Но круче всех обошелся с генералами отчаянная голова — Женичка, брат Анатолия Ивановича. Военный егерь подрядился с ним насчет совместного обслуживания генералов. Женичка предоставляет свою избу под генеральское общежитие, дает свои лодки, возит на охоту, за это получает чаевые, право охотиться в заповеднике и винную порцию. Приехали шесть генералов, охотились и все наградные егерю отдали. Женичку даже за стол не пригласили. Он на первый раз смолчал. Потом приезжают еще шестеро. Садятся ужинать, ставят на стол коньяк, егерю преподносят стопочку, а Женичке опять ничего. Он быстро сгонял жену за пол-литрой, выпил духом, после чего с матом выгнал генералов из дому и все их постели и пожитки на улицу побросал. Перед всем миром опозорил генералов.
Самым же большим дураком из генералов оказался пожилой артиллерист. На первой зорьке он убил трех шушпанов, а когда пошел на другую зорьку, сказал: «Мне шушпанов бить неинтересно, больно они просты, мне бы парочку чирков». Он и верно подстелил двух чирков, а шушпанов не трогал, хотя они подсаживались к самому шалашу. Вот дурак, так дурак!
Закат. На ветке висит ослепительная капелька солнца.
Анатолий Иванович презирает женщин. Попив из Великого воды горстью, он сказал: «Воняет, наверное, баба купалась».
Ливень подступал четкой белой полосой на воде, а над нами шел солнечный грибной дождь.
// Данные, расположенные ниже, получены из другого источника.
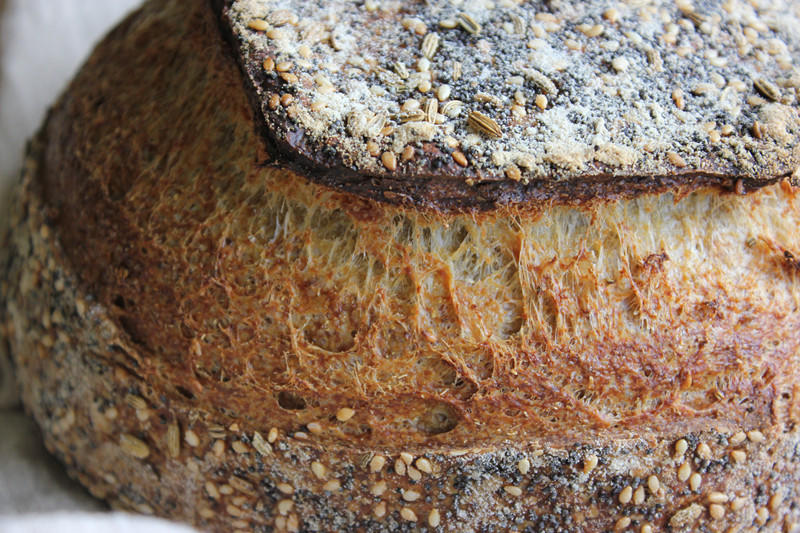 【Tartine Bread】Semolina芝麻小茴香籽天然酵種歐包（附關於麪糰粘在藤籃裡倒不出來的問題）的做法 步骤10
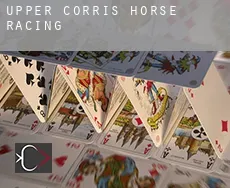 Upper Corris  horse racing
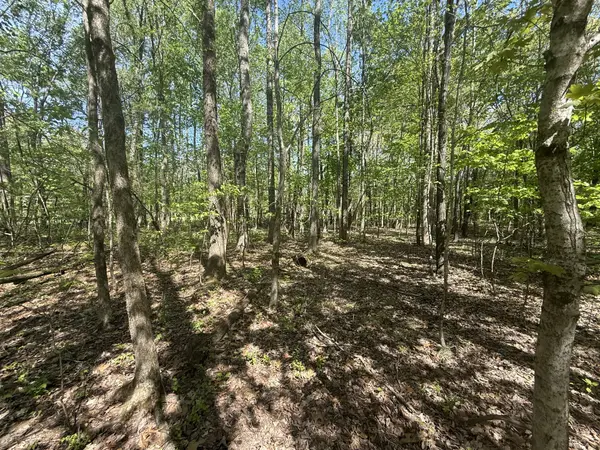 0 Dunbar Cave Rd, Clarksville, TN 37043
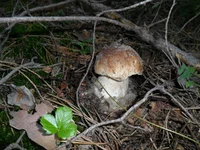 SAM_4159.webp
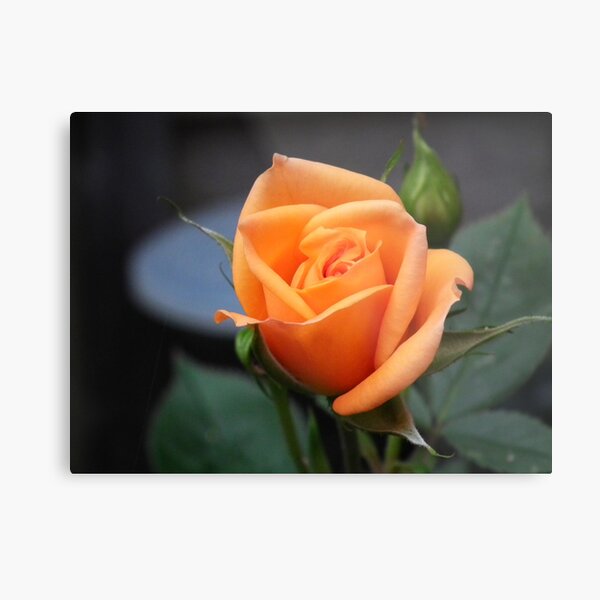 Item preview, A Rose  designed and sold by Andy Jordan.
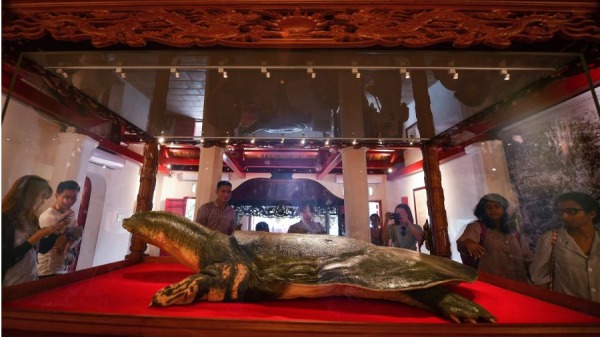 在越南河內的玉山寺，一隻被塑化後的龜祖（巨鱉），為了防止灰塵、黴菌和光照，而將牠安置在一個玻璃罩子內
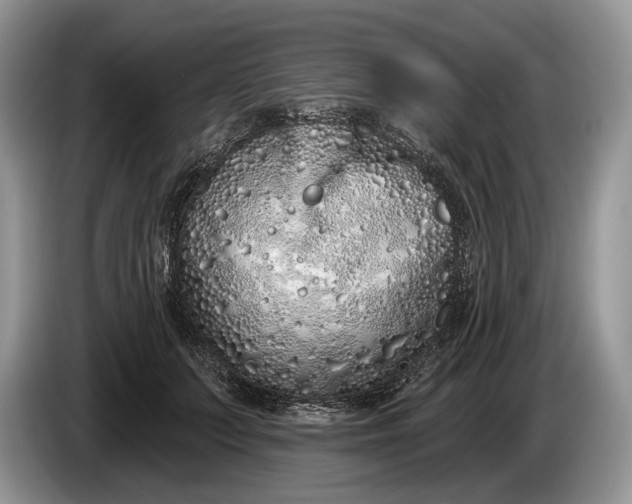 X0000086270703200704122029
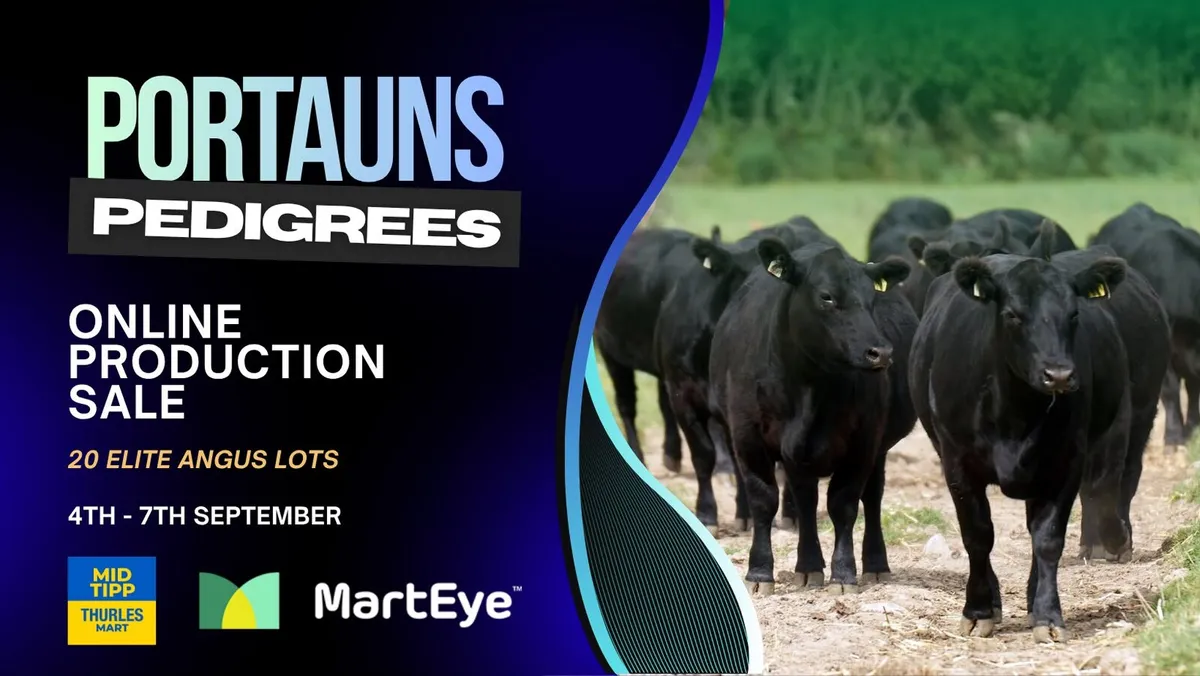 Angus Production Sale - Image 2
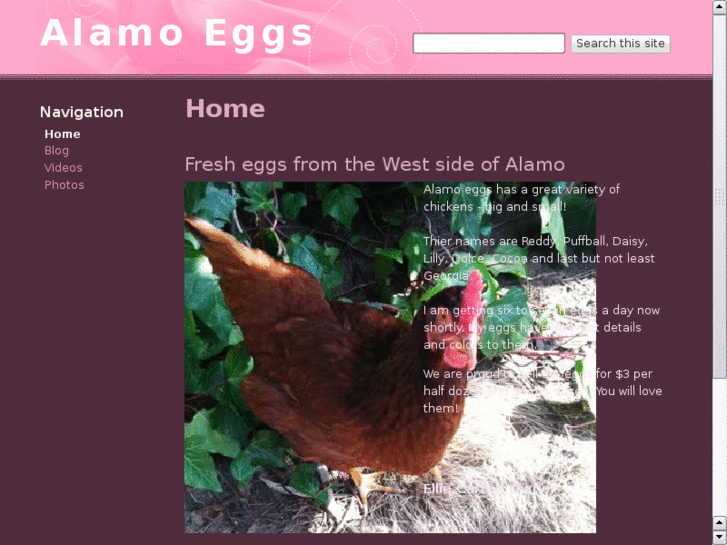 www.alamoeggs.com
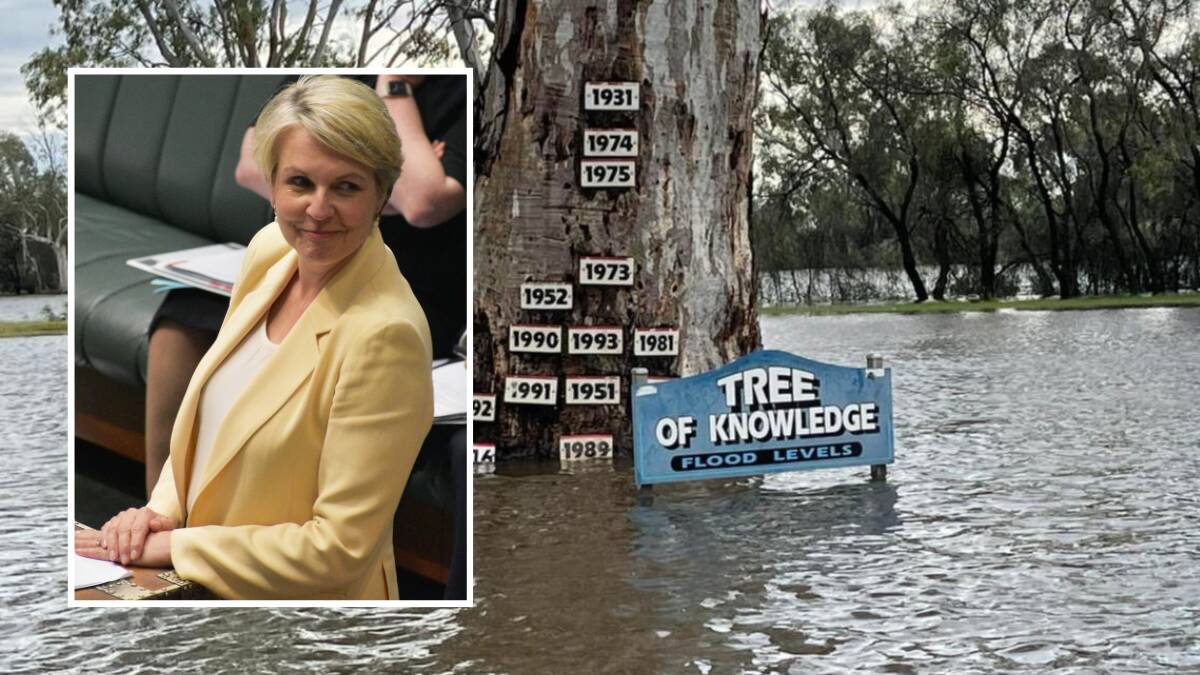 Environment and Water Minister Tanya Plibersek has committed to delivering the Murray-Darling Basin Plan in full. 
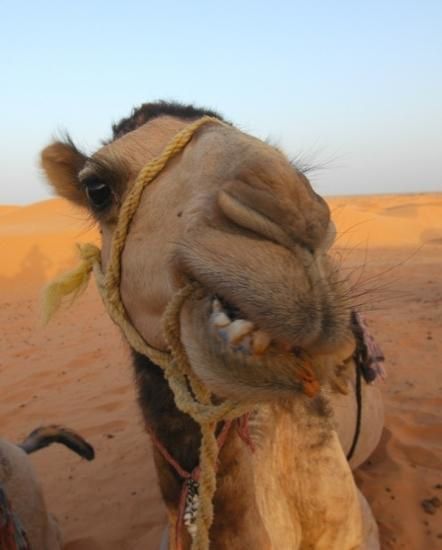 chameau-dromadaire-animaux-desert-proche-341209.jpg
Полоса придвинулась вплотную, отступила, снова подошла и, скрав солнце, накрыла жестоким дождем.
Шура скинула с печи красивую смуглую ногу в спускающейся до колен страшной, заскорузлой штанине. Такие же штаны на ее очаровательной, кокетливой, веснушчатой шестилетней Таньке.
Женичка деловито, холодно и ни к чему, уже после охоты, где он взял с десяток матерых, застрелил на дереве возле своего дома безобидного, доверчивого козодоя. Шура сказала: «Да он такой!.. Застрелит кого хошь, хошь котенка, хошь собаку…» …Она не решилась добавить: «хошь человека».
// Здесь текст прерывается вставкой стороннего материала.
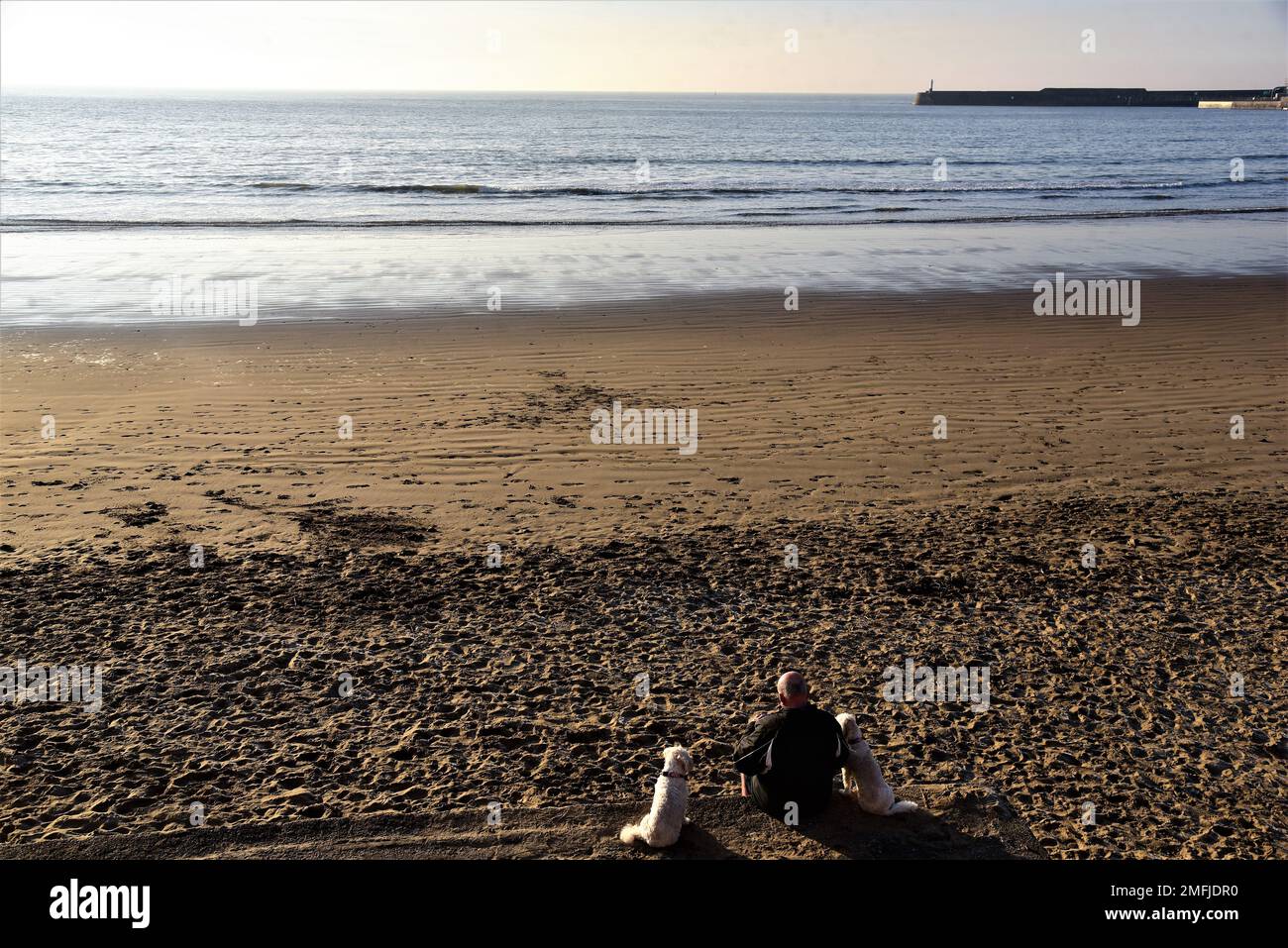 La foto mostra un uomo con due cani seduto su un muro a Coney, Sandy Beach, Porthcawl, Galles del Sud. Sta guardando fuori al mare con la marea che entra. Foto Stock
Я долго стоял на бугре, под елями, над широкой просекой, переходившей в поляну, и тщетно ждал знакомого мне по собственным рассказам, но никогда не слышанного вживе прокашливания вальдшнепа.
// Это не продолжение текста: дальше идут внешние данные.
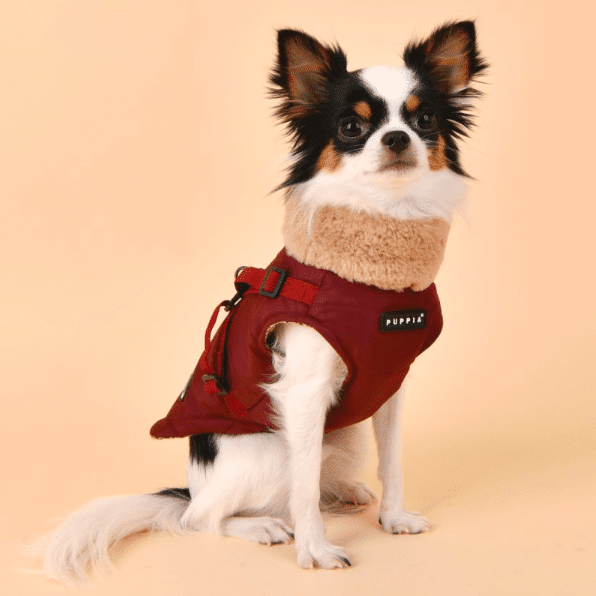 Manteau Puppia avec harnais intégré Bordeaux – Image 2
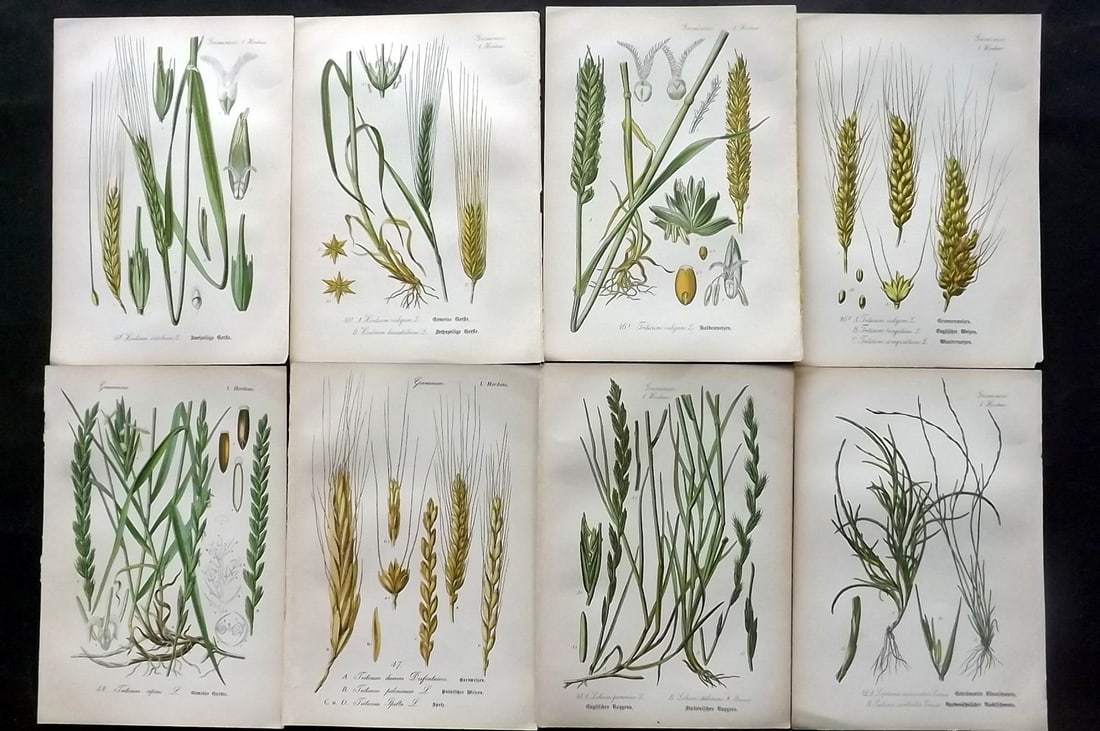 Thome, Otto 1903 Lot of 8 Antique Botanical Prints: Chromolithograph Published 1903-05, Verlag, Germany for "Flora von Deutschland, Osterreich und der Schweiz" by Otto Wilhelm Thome et al. Paper Size: 8.5 x 6 inch (22 x 15cm) Good Condition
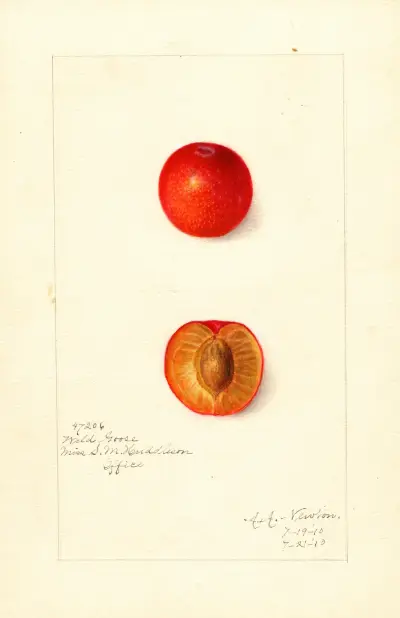 Prunus domestica: Wild Goose av Amanda Almira Newton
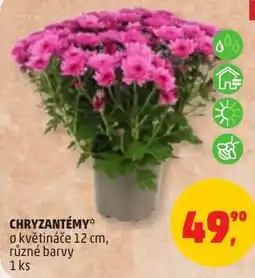 Penny Market Chryzantémy nabídka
Я уже двинулся домой, и тут мне повстречался какой‑то парень в картузе, с двухстволкой на плече. Он стрелял дроздов. Паренек показал мне настоящее место, на самой опушке. «Они тянут через развилку в чернолесье», — сказал он. Это было как‑то не по правилам, но слово «чернолесье» меня убедило. Я пошел туда, вспугнув двух — трех жирных дроздов, и стал под березками. Минут через пять, не поверив собственным ушам, услышал такое отчетливое, громкое, такое буквальное «хорх», будто его произносил человек.
Оглянулся и сразу увидел вальдшнепа. Как и все куликовые, он казался в полете куда больше, чем на самом деле, и летел он быстрее, чем я ожидал. Плохо прицелившись, я выстрелил. Он продолжал лететь и скрылся за деревьями. Но всё, что может дать охота, я испытал.
Обратно шел на дотлевающий, пронзительно золотой закат, сперва краем леса, потом, оставив закат справа, черным тоннелем просеки.
Днем верхушки молодых берез рождают вокруг себя розовато — жемчужное облачко.
ПОДМОСКОВЬЕ
Весь вчерашний день и всю ночь бушевали грозы. Они заходили с разных сторон и разражались над нашим поселком. Здесь какой‑то центр всех гроз Подмосковья. Когда ливень утихал редкими, гулкими каплями, небо окрашивалось в тускло — желтый цвет, будто за хмарной наволочью накалялись новые грозы. Потом небо проблескивало молнией, глухой раскат набегал волнами, и прежде чем он затихал, вспыхивал тонкий волосок молнии где‑то совсем рядом, и небо раскалывалось вдребезги. Уже в сумерках прошла гроза с градом. Круглые градины ложились ниткой на дорожках сада, горками у крыльца и террасы. Пес выскочил наружу и, задирая морду кверху, ловил их на лету широко открытой розовой пастью.
К рассвету грозы стихли и запели соловьи. Утром в саду тяжело дышать от теплого, парного, крепчайшего запаха земли, травы и листвы, перенасыщенных влагой. За одни сутки вся природа вошла в зрелость, из весенней стала летней. Воздух гудит: жуки, шмели, мухи, комары, осы. Где‑то рядом хорошо и трудолюбиво поет какая‑то птичка. Сижу за маленьким желтым столиком в саду. Изжогу я задушил содой, но живот побаливает, колет в сердце. Мне тридцать девять лет и по физической сути я выносливая развалина. Всё же погубит меня не водка, а тщеславие.